Category Archives: music industry

A fan first

Fan Fair 199718 years ago yesterday, I set foot in Nashville for the first time as a fan attending Fan Fair. (I know this thanks to that memories thing Facebook started doing.)  It will ALWAYS be Fan Fair to me, and I wear the fact that I attended it at the Fairgrounds as a badge of honor. A proof I’m a long-time country music fan.

In the years since I attended Fan Fair, much has changed. Mostly, I married a musician that afforded me a long hard look at the music industry… a look that has left me feeling very cynical. I also not only now live in Nashville, but I worked the last six CMA Fests (as they now call Fan Fair) in a bar downtown. These two things made me not necessarily hate CMA Fest but instead see it more as a headache and thorn in my side. I saw closed streets, tourists tying up the roadways, and long hours leaving me tired. I saw fans who expected me to immediately remember them from five years prior, and I saw nowhere to park my truck.

CMA Fest 2010
CMA Fest 2010

Looking towards this year, I was a bit discombobulated. With the bar gone, I wouldn’t be working this year.  My husband wasn’t playing the fair anywhere. However, my best friend since we were little girls happened to fill our a survey and win tickets to CMA Fest 2015. What? That actually happens!?

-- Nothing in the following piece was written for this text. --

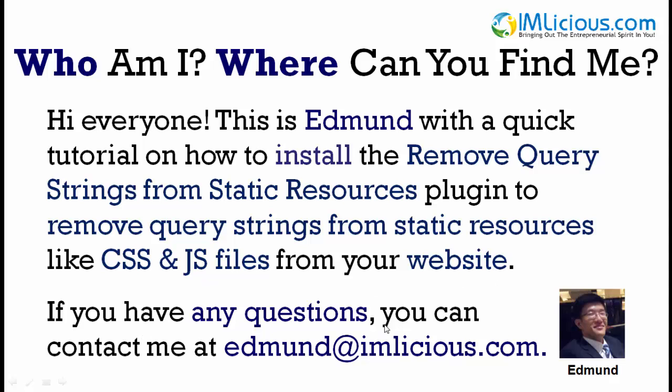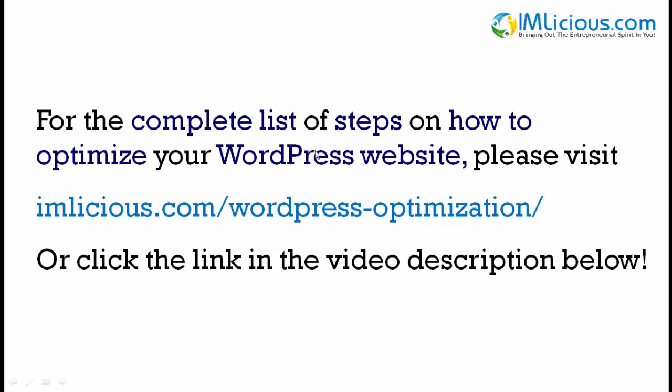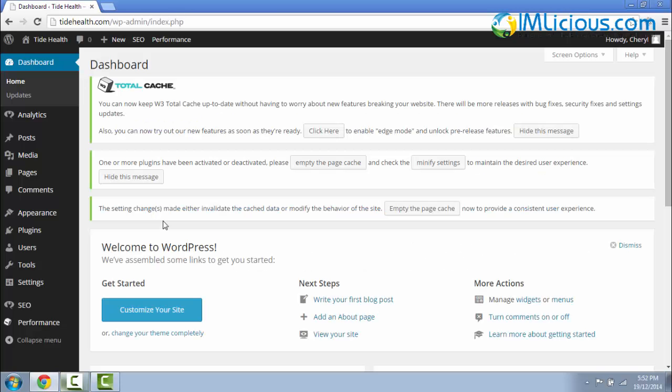If you have any questions, you can contact me at edmund@imlicious.com. And for the complete list of steps on how to optimize your WordPress website, please visit imlicious.com/wordpress-optimization/ or click the link in the video description below.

So, she flew up to Nashville from Houston and took me to CMA Fest with her. Leading up to the days of her arrival, I felt that cynical side chirping in my ear. Where was I going to park? Oh, that’s just one huge sea of humanity that I try to avoid. I bet I only catch acts I don’t care about. Ugh. But, her excitement was contagious, by the time she arrived my grumpiness was gone and replaced with excitement.

Day One... lets do this!!
Day One… let’s do this!!

Now, I’m going to spare all of you an in-depth recap of the three days we spent downtown doing the CMA Fest thing. What I want to talk about is how my perceptions changed a lot while I was down there.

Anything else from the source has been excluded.